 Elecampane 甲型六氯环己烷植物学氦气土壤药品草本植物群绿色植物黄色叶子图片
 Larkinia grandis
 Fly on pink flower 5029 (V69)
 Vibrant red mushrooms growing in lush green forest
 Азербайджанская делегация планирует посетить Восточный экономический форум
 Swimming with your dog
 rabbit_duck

==

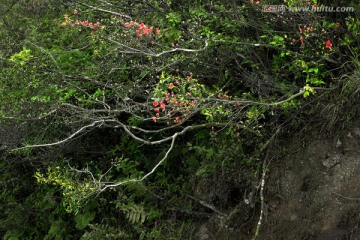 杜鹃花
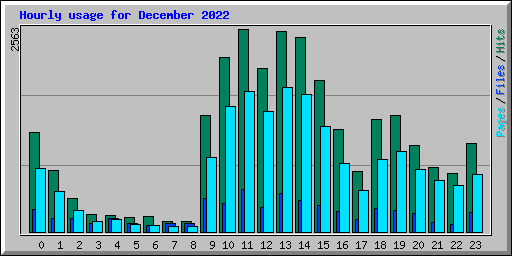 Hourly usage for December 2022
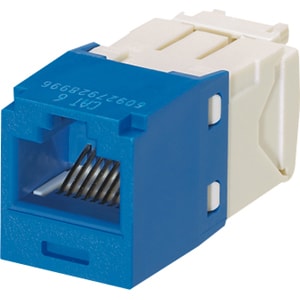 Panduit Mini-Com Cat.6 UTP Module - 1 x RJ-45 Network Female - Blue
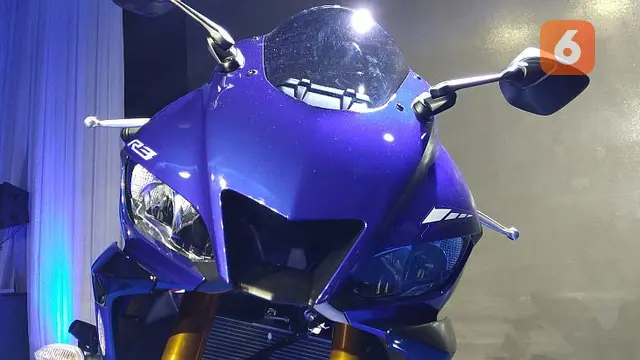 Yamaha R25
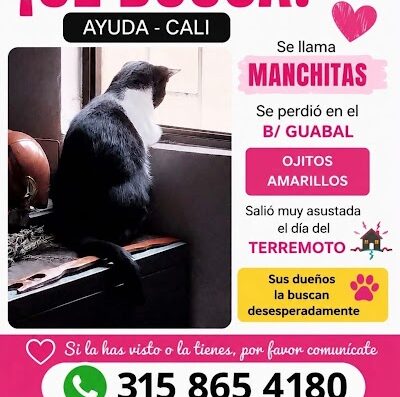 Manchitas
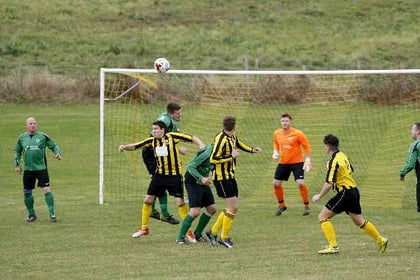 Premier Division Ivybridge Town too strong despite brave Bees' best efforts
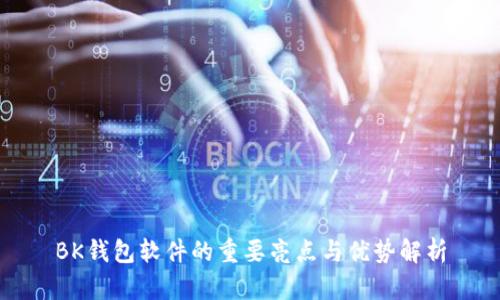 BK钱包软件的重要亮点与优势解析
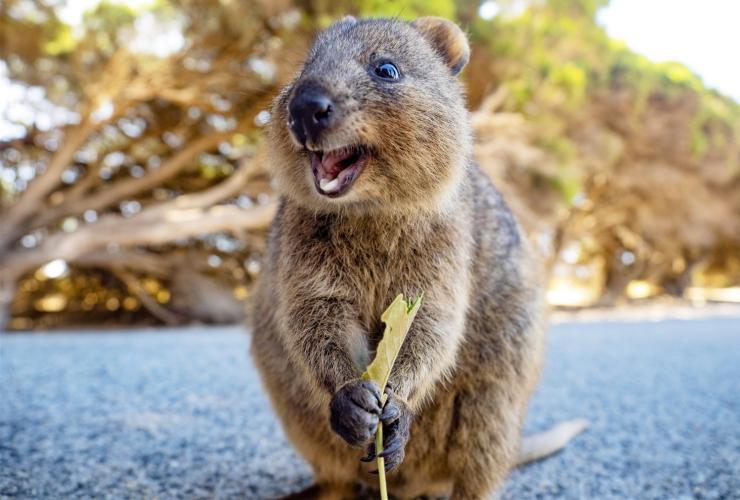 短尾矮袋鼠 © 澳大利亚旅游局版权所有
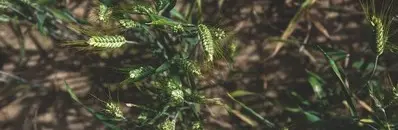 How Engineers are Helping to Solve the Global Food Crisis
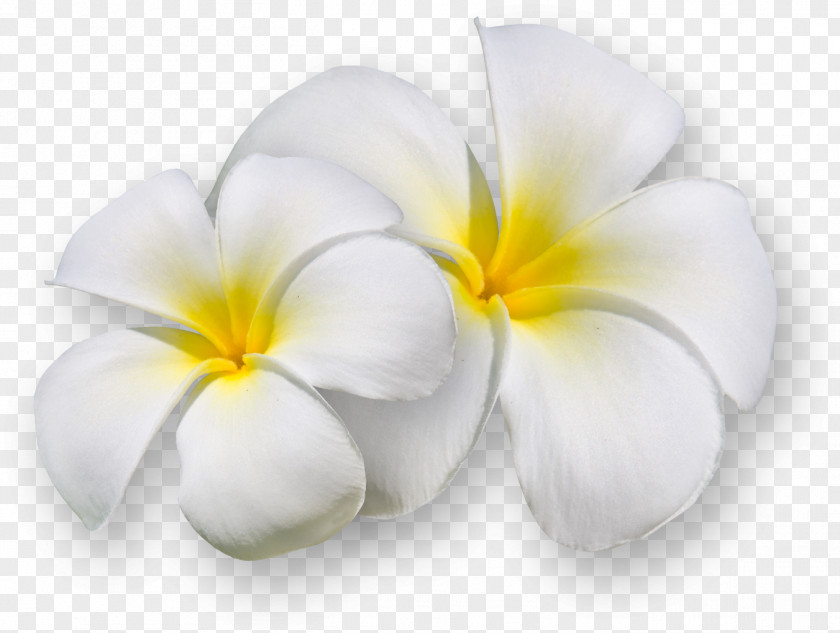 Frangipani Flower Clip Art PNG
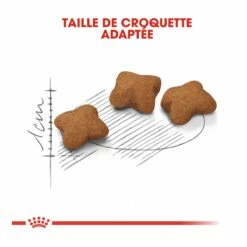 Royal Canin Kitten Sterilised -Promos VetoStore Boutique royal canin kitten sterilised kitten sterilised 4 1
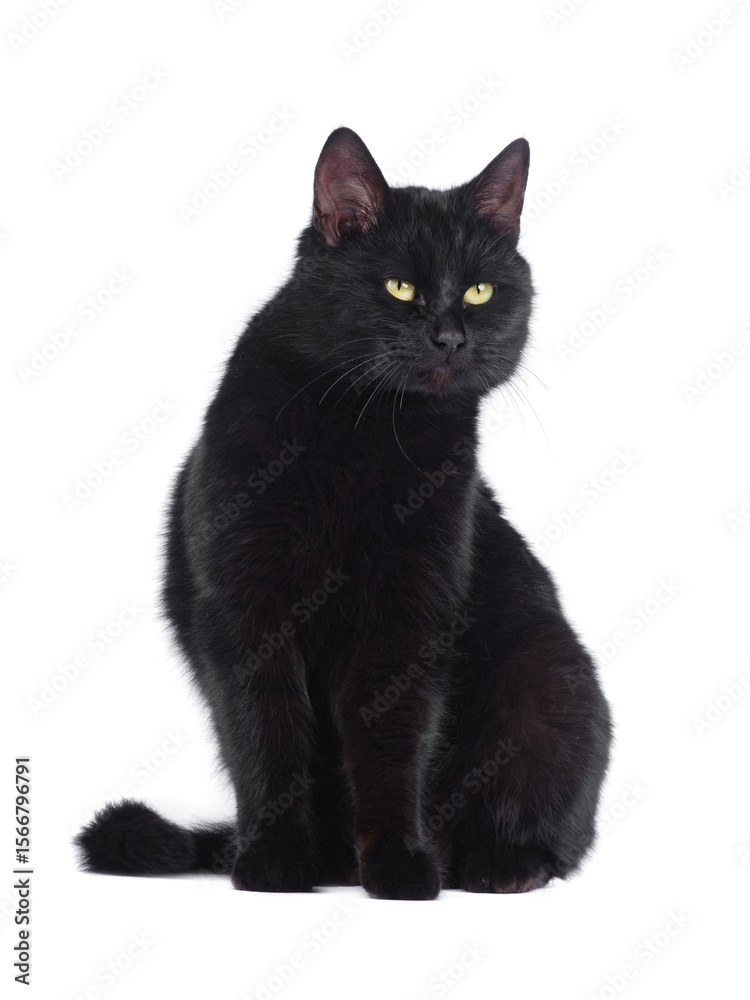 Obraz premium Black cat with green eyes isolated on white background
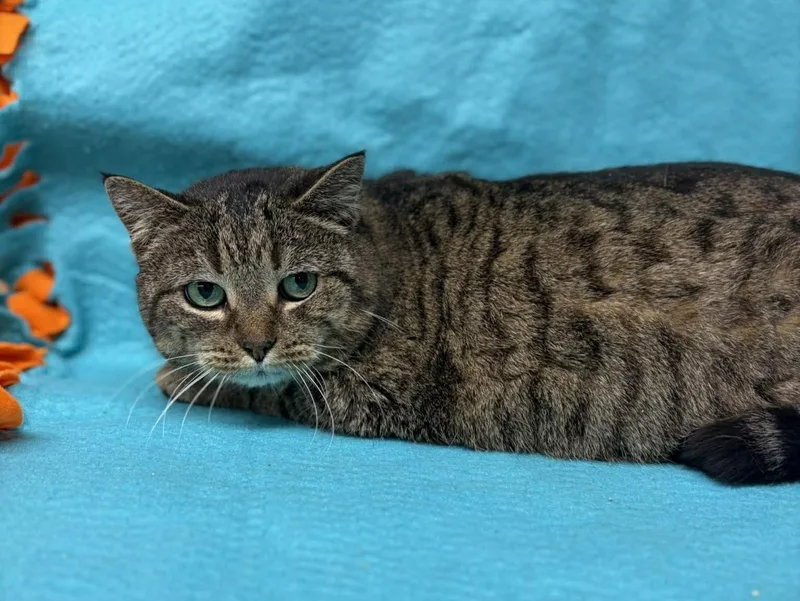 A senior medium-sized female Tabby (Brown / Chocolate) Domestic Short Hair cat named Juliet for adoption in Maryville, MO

Task to carry out
Pictures aside, print exactly the lines above starting with the one containing "Premier Division Ivybridge" and going on through the one containing "Frangipani Flower Clip Art PNG".

Task result
 Premier Division Ivybridge Town too strong despite brave Bees' best efforts
 BK钱包软件的重要亮点与优势解析
 短尾矮袋鼠 © 澳大利亚旅游局版权所有
 How Engineers are Helping to Solve the Global Food Crisis
 Frangipani Flower Clip Art PNG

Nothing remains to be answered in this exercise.